Implementation Guidelines

Production
Tuned
Engine
Must ship exactly two services — one HTTP/3-capable reverse proxy and one application server. The proxy must be a widely-used, production-grade server with QUIC support (Caddy, nginx 1.25+ with ngx_http_v3_module, Envoy, HAProxy 2.8+, h2o). No custom QUIC implementations. No caches, load balancers, or additional sidecars beyond the two services. The proxy must serve /static/* directly from disk; the server must serve /baseline2, /json, and /async-db using standard framework middleware.
Same two-service shape as production. May optimize proxy configuration (worker counts, buffer sizes, keepalive tuning, QUIC parameter tuning). May tune the proxy-to-server protocol (h1/h2c/UDS). Server may use any caching or optimization strategy on its own endpoints.
No specific rules. May use custom QUIC implementations. Ranked separately from frameworks.

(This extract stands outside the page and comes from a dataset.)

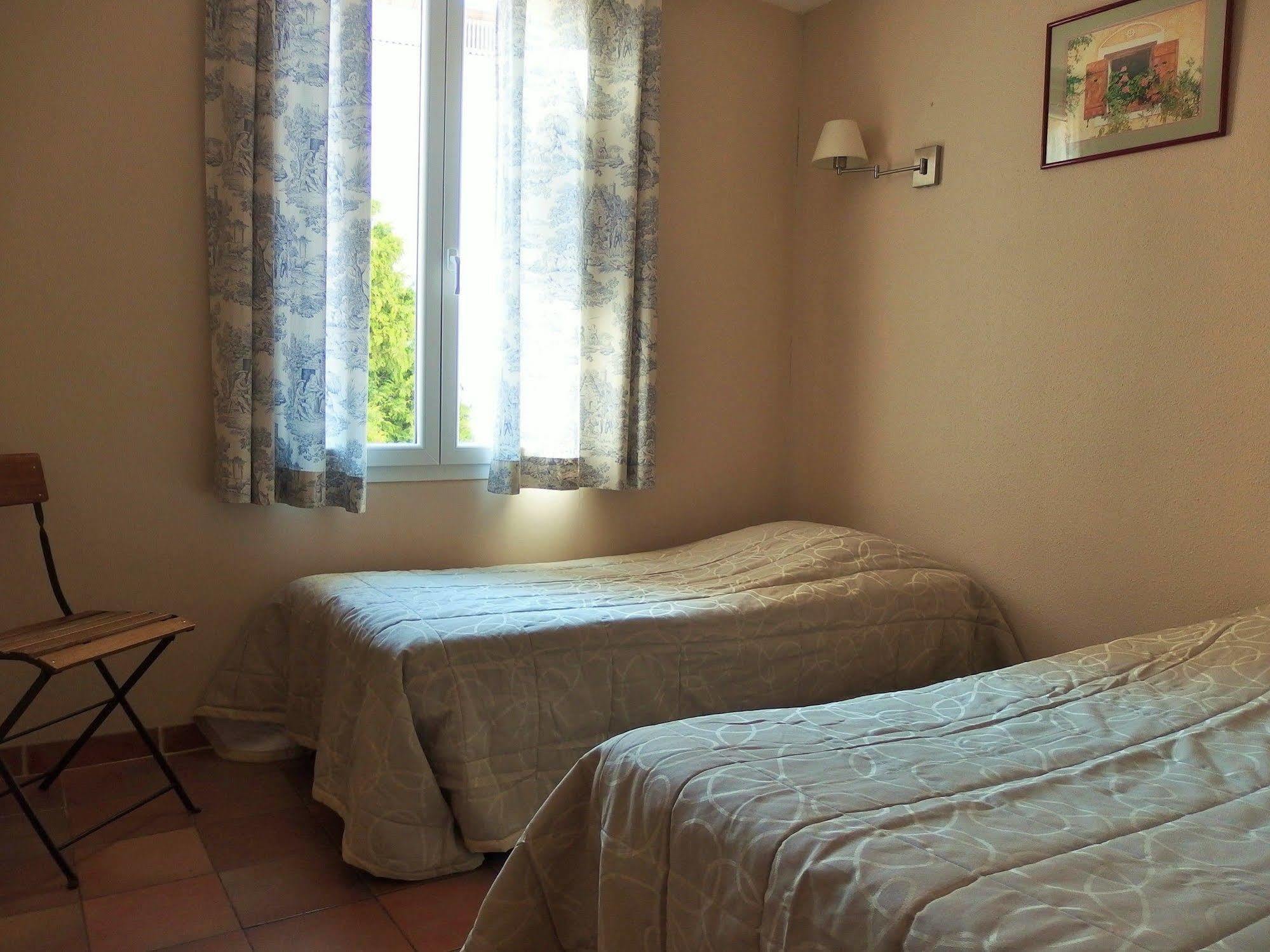 Au Saint Roch - Et Jardin Hotel 2*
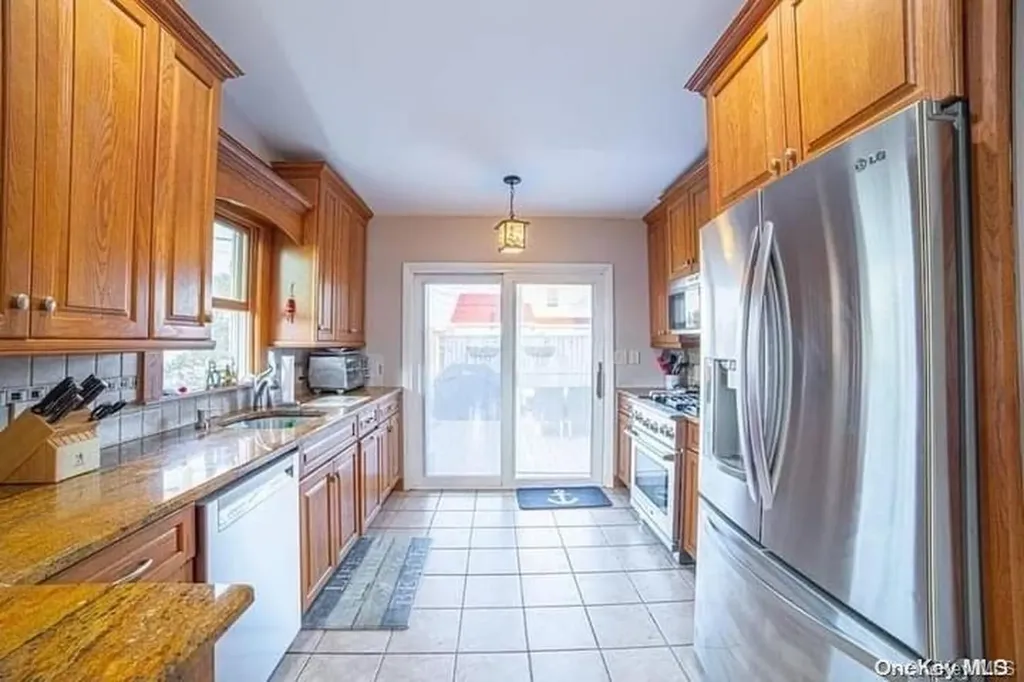 908 Evergreen Walk Ocean Beach NY 11770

The Gateway-H3 test is the HTTP/3 sibling of Gateway-64. Same endpoint surface, same two-service shape, same 64-CPU budget, same 20-URI round-robin mix — the only difference is the edge protocol. The load generator sends requests over QUIC to port 8443 (UDP), the proxy terminates h3 + TLS, and the upstream backend is still reached over plain h1 (or whatever the entry chooses internally).

Architecture

Exactly two services: one HTTP/3-capable reverse proxy and one application server. The proxy handles QUIC termination and serves /static/* directly from disk. The application server handles /baseline2, /json/{count}, and /async-db.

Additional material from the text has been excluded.